## What the exercise asks
Please repeat the records exactly from their first line, finishing at the line containing "person standing on" and including it.
------ Records for this exercise ------
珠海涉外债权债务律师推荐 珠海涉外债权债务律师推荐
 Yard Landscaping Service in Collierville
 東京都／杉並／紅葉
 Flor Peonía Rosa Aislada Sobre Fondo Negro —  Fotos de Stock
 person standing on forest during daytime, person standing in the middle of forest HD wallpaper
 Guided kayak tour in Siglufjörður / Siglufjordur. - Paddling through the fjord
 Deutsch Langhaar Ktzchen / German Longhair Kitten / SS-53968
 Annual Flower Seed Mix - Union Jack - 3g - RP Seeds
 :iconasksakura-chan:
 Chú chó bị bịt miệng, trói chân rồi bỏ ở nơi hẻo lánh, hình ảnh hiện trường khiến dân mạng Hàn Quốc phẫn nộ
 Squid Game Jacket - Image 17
------
## Expected output
珠海涉外债权债务律师推荐 珠海涉外债权债务律师推荐
 Yard Landscaping Service in Collierville
 東京都／杉並／紅葉
 Flor Peonía Rosa Aislada Sobre Fondo Negro —  Fotos de Stock
 person standing on forest during daytime, person standing in the middle of forest HD wallpaper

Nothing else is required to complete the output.